> _What you will do_
The answer should hold only the lines from the beginning of the listing below to the line containing "USA Flag Transparent", both included, with every picture left out.

> _Stored data_
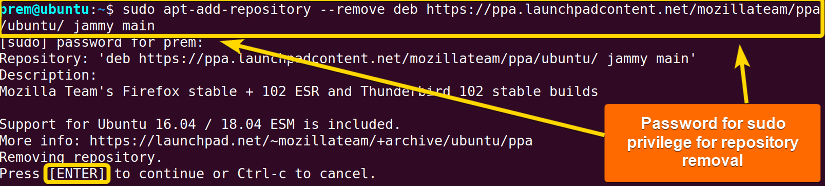 This command uses remove option to delete any existing repository from the system in repository configuration in LINUX.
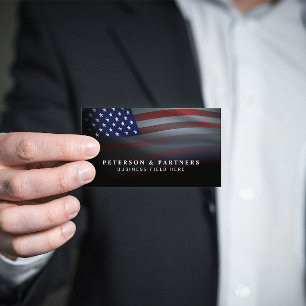 USA Flag Transparent Gradation Black Business Card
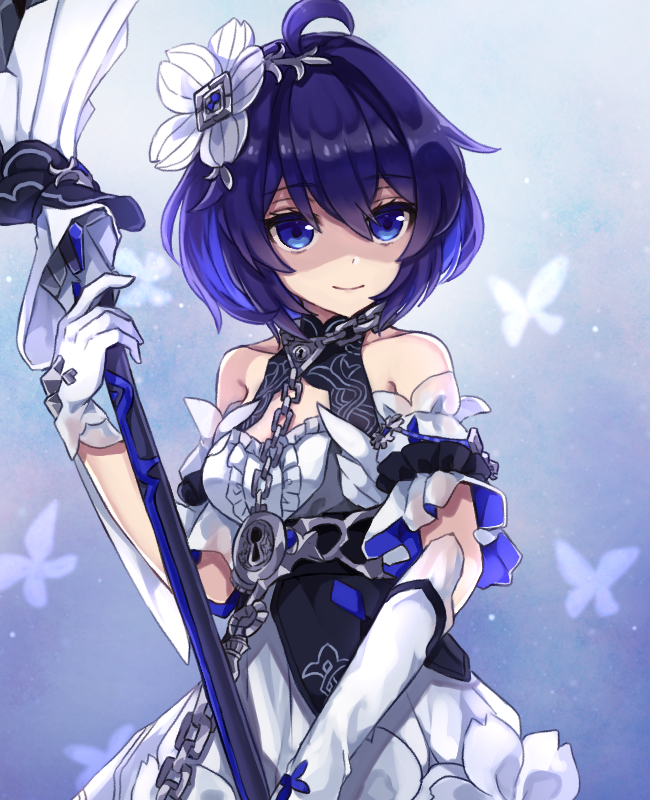 1girl antenna_hair bangs bare_shoulders blue_eyes blue_hair butterfly_background chabatake chain closed_mouth dress flower gloves hair_between_eyes hair_flower hair_ornament holding holding_weapon honkai_(series) honkai_impact_3rd looking_at_viewer scythe seele_vollerei seele_vollerei_(stygian_nymph) shaded_face short_hair sleeveless sleeveless_dress smile solo weapon white_dress white_flower white_gloves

> _Response for this exercise_
 This command uses remove option to delete any existing repository from the system in repository configuration in LINUX.
 USA Flag Transparent Gradation Black Business Card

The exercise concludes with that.